** Opening Material provided block **
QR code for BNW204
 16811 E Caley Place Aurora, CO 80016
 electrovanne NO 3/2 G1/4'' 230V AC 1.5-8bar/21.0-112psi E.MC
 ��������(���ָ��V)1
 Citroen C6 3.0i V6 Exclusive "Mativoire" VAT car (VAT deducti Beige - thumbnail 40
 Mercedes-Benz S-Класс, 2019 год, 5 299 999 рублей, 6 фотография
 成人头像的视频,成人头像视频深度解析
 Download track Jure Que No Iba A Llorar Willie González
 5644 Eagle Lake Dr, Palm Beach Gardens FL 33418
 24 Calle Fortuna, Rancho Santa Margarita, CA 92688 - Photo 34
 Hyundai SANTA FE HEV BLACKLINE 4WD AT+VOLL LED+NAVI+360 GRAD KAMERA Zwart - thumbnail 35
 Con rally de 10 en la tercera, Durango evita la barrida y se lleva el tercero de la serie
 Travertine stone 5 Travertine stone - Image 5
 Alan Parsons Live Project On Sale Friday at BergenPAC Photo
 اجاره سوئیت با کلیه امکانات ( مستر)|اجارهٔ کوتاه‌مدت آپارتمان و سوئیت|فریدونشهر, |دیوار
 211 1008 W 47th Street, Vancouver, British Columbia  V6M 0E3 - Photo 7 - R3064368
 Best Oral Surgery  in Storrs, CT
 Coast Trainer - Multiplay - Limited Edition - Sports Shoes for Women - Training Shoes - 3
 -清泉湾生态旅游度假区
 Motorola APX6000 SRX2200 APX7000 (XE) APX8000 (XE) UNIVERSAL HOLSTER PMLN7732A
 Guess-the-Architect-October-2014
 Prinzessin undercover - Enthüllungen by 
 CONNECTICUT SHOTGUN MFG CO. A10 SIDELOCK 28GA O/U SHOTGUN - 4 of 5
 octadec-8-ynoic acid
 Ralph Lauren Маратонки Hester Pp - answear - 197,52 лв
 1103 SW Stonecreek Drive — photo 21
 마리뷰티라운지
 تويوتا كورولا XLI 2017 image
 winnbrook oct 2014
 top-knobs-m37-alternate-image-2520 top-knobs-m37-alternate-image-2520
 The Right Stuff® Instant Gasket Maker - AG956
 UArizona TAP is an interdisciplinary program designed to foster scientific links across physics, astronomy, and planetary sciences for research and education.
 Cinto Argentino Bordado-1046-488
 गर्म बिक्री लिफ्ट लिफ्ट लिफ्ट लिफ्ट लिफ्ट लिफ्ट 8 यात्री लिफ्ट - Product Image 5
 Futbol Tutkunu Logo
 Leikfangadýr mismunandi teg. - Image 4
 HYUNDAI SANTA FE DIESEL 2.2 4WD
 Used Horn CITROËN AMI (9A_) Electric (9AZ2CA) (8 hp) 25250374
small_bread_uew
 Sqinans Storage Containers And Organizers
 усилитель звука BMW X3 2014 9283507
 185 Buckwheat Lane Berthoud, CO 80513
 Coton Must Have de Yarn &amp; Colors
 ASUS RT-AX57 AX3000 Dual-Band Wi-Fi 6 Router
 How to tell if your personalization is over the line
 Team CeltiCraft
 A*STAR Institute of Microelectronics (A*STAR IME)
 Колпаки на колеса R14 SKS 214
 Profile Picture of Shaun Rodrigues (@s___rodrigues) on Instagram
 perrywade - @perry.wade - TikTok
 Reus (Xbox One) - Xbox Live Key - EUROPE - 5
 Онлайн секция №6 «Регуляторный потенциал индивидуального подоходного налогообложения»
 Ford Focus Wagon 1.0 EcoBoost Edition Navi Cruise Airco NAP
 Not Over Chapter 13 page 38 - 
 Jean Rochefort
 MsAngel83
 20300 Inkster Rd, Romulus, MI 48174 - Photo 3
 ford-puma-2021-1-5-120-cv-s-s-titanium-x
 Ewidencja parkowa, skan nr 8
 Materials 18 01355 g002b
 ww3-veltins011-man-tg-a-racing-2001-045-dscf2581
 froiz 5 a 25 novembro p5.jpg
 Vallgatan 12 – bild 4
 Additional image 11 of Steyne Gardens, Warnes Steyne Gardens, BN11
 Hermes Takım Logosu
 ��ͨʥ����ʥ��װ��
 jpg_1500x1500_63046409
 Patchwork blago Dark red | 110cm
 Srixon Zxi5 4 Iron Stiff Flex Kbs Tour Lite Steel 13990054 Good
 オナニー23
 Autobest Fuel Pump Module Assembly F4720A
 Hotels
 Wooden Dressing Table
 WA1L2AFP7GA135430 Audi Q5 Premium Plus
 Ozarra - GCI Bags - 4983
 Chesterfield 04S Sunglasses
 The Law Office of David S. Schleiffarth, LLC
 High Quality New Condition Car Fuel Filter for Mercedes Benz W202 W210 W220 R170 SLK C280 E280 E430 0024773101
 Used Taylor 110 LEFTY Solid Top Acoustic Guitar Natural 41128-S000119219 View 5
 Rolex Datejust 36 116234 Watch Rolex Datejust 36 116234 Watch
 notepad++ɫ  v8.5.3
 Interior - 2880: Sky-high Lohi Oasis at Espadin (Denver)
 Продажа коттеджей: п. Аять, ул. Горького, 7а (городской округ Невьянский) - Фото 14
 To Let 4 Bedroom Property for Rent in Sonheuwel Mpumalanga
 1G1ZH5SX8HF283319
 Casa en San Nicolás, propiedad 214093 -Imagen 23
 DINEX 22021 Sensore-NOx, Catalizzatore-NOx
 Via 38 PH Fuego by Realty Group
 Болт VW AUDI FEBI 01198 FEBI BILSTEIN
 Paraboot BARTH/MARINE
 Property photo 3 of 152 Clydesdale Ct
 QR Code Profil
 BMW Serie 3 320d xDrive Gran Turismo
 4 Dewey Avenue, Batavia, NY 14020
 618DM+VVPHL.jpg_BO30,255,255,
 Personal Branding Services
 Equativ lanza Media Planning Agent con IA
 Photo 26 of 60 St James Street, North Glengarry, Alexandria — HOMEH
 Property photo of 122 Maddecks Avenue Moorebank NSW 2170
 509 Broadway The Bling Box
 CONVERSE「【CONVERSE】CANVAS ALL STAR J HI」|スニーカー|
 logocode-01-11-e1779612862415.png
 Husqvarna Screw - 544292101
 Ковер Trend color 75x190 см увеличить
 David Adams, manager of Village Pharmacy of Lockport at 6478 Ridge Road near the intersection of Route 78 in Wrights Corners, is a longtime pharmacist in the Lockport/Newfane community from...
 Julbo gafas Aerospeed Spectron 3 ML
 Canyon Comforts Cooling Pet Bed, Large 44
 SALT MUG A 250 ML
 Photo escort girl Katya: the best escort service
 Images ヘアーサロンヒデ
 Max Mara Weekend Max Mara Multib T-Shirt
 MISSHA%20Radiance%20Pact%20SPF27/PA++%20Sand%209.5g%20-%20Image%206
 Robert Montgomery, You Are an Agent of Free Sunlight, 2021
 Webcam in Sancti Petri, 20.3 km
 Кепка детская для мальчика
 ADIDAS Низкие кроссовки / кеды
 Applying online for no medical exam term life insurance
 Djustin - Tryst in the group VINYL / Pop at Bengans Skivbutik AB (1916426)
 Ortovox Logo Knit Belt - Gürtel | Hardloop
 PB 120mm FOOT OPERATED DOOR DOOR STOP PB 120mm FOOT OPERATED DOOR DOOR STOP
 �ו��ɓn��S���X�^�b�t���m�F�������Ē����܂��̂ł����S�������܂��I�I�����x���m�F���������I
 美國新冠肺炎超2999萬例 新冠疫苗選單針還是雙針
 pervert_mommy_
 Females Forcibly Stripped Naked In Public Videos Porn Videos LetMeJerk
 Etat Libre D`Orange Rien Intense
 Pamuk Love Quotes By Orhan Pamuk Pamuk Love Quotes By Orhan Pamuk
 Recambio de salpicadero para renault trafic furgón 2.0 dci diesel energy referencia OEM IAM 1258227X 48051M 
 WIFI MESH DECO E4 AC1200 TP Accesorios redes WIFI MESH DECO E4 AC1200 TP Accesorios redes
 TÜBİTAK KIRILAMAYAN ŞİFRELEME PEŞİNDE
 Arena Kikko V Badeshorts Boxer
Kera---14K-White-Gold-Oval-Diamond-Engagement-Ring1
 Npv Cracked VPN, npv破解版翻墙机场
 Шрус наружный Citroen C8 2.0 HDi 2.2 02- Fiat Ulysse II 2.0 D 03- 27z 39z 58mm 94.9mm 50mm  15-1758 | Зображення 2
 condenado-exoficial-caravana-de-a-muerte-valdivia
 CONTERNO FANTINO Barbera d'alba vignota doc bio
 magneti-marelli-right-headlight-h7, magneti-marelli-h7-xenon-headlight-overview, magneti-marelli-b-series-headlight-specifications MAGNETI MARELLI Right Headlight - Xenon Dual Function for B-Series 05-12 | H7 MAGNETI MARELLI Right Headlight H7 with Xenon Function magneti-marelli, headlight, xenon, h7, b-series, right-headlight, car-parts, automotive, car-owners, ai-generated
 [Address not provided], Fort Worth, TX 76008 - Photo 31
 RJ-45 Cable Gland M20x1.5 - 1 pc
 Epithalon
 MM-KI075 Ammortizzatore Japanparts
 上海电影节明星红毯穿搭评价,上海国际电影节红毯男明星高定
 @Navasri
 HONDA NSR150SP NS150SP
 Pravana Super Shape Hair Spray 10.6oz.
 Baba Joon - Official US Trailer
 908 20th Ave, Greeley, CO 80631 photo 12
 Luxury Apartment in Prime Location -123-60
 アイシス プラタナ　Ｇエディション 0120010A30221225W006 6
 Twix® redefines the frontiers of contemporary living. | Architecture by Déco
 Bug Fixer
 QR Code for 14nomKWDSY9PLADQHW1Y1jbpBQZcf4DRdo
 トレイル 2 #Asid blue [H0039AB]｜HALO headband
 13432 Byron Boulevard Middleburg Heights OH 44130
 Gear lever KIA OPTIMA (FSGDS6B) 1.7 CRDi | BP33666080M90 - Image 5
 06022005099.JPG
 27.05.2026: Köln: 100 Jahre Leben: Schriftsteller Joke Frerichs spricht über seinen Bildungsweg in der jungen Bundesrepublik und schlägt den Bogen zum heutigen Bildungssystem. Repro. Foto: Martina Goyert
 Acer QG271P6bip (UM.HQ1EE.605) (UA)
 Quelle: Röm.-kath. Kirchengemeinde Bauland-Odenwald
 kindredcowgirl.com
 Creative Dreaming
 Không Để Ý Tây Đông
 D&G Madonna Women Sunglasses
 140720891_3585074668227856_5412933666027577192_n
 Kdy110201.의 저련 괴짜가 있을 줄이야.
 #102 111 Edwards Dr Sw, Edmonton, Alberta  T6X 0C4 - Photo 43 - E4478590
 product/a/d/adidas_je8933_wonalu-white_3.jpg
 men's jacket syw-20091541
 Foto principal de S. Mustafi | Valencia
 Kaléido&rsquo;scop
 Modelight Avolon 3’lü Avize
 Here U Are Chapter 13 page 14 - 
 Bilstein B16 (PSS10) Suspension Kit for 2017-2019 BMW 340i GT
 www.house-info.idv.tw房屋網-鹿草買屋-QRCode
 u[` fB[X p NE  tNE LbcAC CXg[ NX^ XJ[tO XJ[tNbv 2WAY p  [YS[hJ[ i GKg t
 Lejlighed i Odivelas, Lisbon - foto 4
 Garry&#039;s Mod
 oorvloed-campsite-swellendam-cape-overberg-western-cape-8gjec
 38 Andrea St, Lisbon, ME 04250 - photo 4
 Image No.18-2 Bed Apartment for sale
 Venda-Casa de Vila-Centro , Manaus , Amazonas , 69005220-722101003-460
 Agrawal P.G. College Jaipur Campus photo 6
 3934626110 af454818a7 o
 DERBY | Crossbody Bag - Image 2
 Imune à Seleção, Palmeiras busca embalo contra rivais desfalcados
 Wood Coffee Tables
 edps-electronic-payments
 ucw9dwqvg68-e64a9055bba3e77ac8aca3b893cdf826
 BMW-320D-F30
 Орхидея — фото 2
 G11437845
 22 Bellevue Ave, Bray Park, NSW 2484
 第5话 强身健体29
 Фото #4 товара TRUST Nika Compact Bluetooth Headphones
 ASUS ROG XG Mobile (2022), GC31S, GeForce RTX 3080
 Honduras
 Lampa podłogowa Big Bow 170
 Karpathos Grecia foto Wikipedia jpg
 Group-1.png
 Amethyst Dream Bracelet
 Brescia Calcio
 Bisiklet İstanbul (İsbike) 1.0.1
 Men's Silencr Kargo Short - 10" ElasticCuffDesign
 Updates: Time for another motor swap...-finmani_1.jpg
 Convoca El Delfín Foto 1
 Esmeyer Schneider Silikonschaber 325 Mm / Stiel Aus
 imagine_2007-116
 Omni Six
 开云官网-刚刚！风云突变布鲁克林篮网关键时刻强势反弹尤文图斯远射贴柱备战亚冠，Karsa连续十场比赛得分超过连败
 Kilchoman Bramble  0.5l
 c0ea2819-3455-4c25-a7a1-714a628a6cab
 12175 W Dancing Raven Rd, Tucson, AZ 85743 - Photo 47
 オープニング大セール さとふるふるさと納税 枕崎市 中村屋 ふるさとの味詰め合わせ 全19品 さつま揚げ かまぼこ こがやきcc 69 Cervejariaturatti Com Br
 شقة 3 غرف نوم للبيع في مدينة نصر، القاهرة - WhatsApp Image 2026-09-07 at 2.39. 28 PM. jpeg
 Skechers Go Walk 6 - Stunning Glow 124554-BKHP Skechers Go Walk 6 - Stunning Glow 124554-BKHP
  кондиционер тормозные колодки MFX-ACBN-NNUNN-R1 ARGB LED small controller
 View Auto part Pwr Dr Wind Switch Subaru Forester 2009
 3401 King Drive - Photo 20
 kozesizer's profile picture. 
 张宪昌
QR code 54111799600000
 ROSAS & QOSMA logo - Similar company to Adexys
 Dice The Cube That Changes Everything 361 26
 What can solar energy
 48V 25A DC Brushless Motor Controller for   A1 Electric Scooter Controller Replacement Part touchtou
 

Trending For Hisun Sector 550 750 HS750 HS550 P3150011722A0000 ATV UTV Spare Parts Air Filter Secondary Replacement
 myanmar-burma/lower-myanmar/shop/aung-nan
** Closing Material provided block **
### Exercise directions
Show every line of the data that includes the string "Avenue".

### Exercise response
 4 Dewey Avenue, Batavia, NY 14020
 Property photo of 122 Maddecks Avenue Moorebank NSW 2170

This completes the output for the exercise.